BPF_F_ALLOW_OVERRIDE is supported: when a program is registered
with this flag, descendant cgroups may attach their own
memcg_bpf_ops to override the inherited policy. Registration
propagates ops down through the subtree via mem_cgroup_iter;
unregistration restores each descendant to the ops its
registering ancestor's parent held, correctly preserving
override chains.
07/11 mm/bpf: Add bpf_try_to_free_mem_cgroup_pages kfunc
Exposes try_to_free_mem_cgroup_pages() to BPF programs as a
KF_SLEEPABLE kfunc. A swappiness parameter controls the
override value passed to the core reclaim path
(effective only when MEMCG_RECLAIM_PROACTIVE is set in
reclaim_options).
08/11 selftests/bpf: Add tests for memcg_bpf_ops
Adds prog_tests/memcg_ops.c covering three scenarios:
memcg_charged-only throttling, below_low + memcg_charged
interaction, and below_min + memcg_charged interaction. A
tracepoint on memcg:count_memcg_events (PGFAULT) is used to
detect memory pressure and trigger hooks accordingly.
09/11 selftests/bpf: Add test for memcg_bpf_ops hierarchies
Validates BPF_F_ALLOW_OVERRIDE attachment semantics across a
three-level cgroup hierarchy: attach with ALLOW_OVERRIDE at the
root, override at the middle level without the flag, then assert
that attaching to the leaf correctly fails with -EBUSY.
10/11 selftests/bpf: Add selftest for memcg async reclaim via BPF
Demonstrates and validates asynchronous memory reclaim: a BPF
program uses the memcg_charged/memcg_uncharged hooks to track
accumulated usage and, when a threshold is exceeded, enqueues a
bpf_wq_start() workqueue item that calls
bpf_try_to_free_mem_cgroup_pages() without blocking the charge
path.

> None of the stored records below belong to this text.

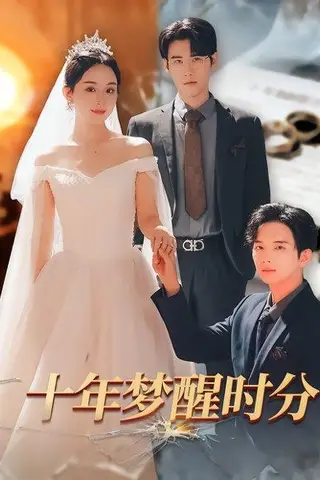 《十年梦醒时分》短剧封面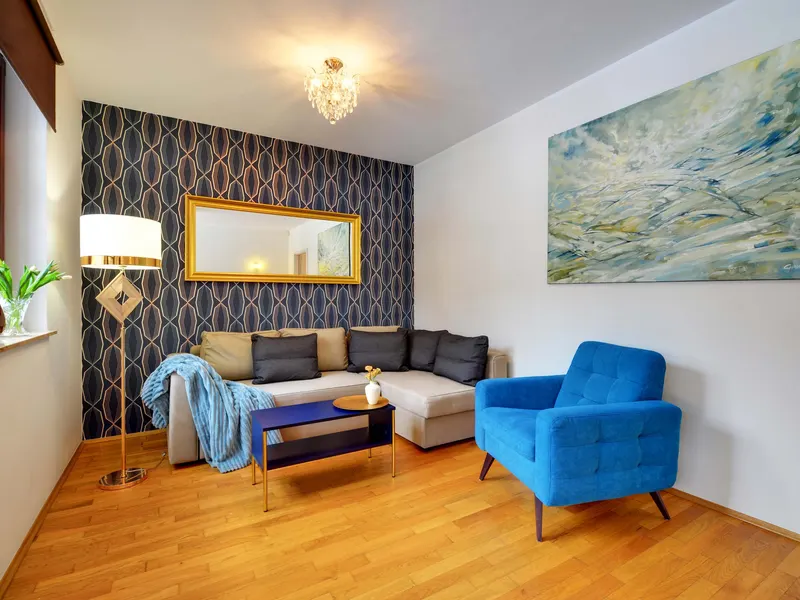 Elegancki Apartament | 2 Balkony, Parking, Blisko Centrum – zdjęcie 1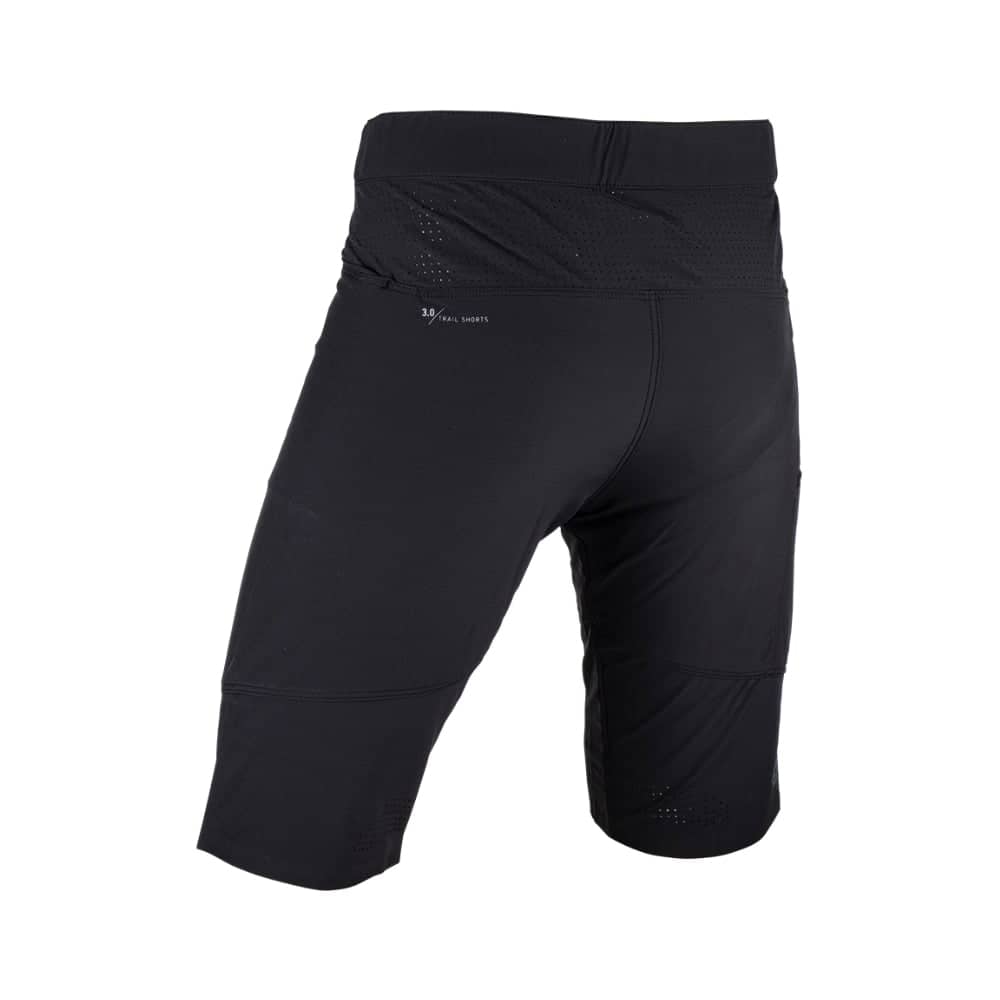 Leatt Shorts MTB Trail 3.0 in Black - Image 3 of 6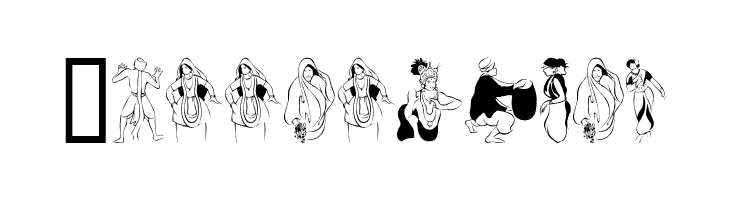 Dancer In The Dark  Free Fonts Download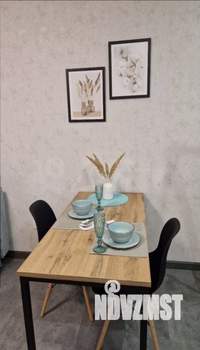 Студия квартира, на длительный срок, 40м2, 8/16 этаж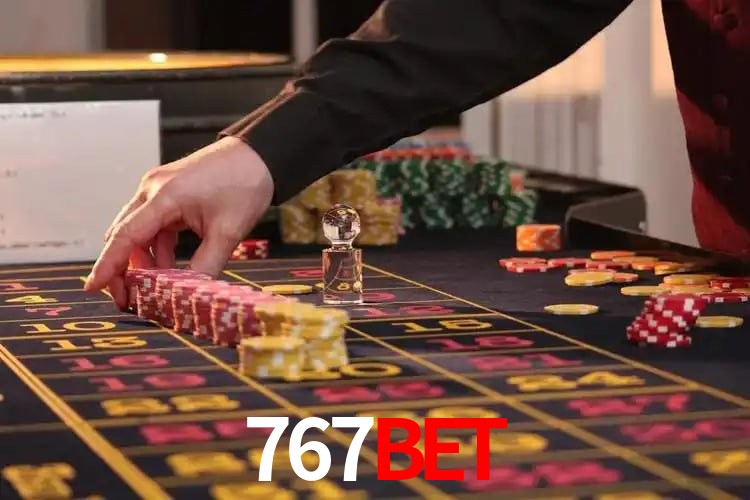 A Experiência Imersiva dos Cassinos Ao Vivo no 767bet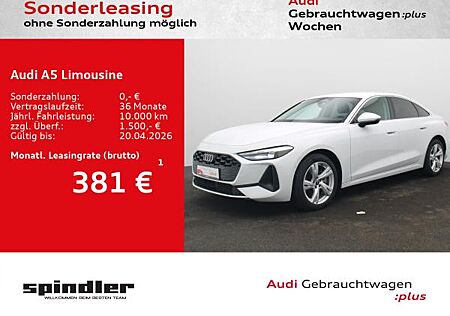 Audi A5 Limousine TDI S-tronic / ParkAssi, Navi+, ACC
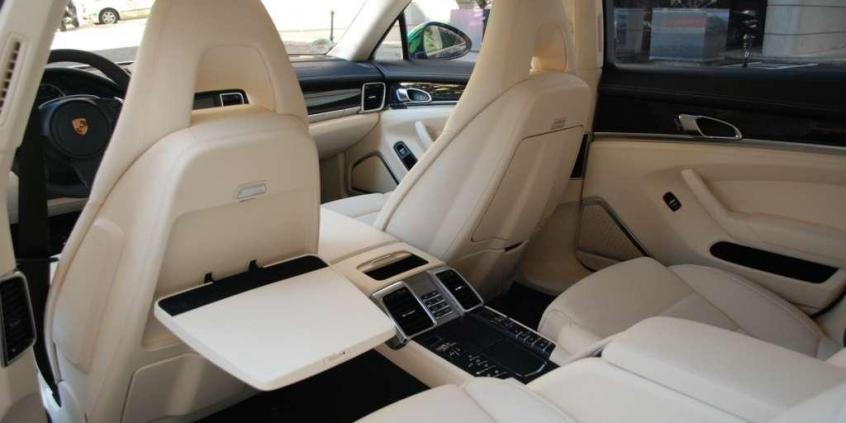 Porsche Panamera Executive - porcja adrenaliny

The test asserts that with the BPF program active,
memory.events "max" events do not increase under a workload
that would otherwise exceed the hard limit.
11/11 samples/bpf: Add memcg priority control and async reclaim example
Adds a complete sample (samples/bpf/memcg.bpf.c + memcg.c)
demonstrating both features. The BPF side monitors PGFAULT
events on a high-priority cgroup; when the per-second fault
count crosses a configurable threshold, it activates below_low
or below_min protection for the high-priority cgroup and/or
applies a charge delay to the low-priority cgroup. Six
struct_ops variants are exported so userspace can attach only
the hooks needed. Async reclaim is optionally combined with
priority throttling via a shared low-cgroup ops map.
Test Environment:
The following examples run on x86_64 QEMU (10 CPUs, 2 GB RAM), using
a tmpfs-backed file on the host as a swap device to reduce I/O impact.
Two cgroups are created -- high (high-priority) and low (low-priority)
-- and each test runs two concurrent stress-ng workloads, one per
cgroup, each requesting 3 GB of memory.
# mkdir /sys/fs/cgroup/high /sys/fs/cgroup/low
# free -h
total used free shared buff/cache available
Mem: 1.9Gi 317Mi 1.6Gi 1.0Mi 144Mi 1.6Gi
Swap: 4.0Gi 0B 4.0Gi
Baseline: no memory priority policy:
Both cgroups run without any reclaim protection. Results are roughly
equal, as expected:
cgroup bogo ops/s
high 4,979
low 4,927
Test 1: memory.low protection:
Setting memory.low on the high-priority cgroup protects it from
reclaim, at the cost of pushing reclaim pressure onto the low-priority
cgroup:
# echo $((3 * 1024 * 1024 * 1024)) > /sys/fs/cgroup/high/memory.low
cgroup bogo ops/s
high 450,290
low 11,307
The high-priority cgroup benefits significantly, but memory.low relies
on static usage thresholds and cannot adapt to actual workload
behavior.
Test 2: memory.low with an idle high-priority task:
Here the high-priority cgroup runs a Python script that allocates 3 GB
and then sleeps, simulating a low-activity but memory-holding workload.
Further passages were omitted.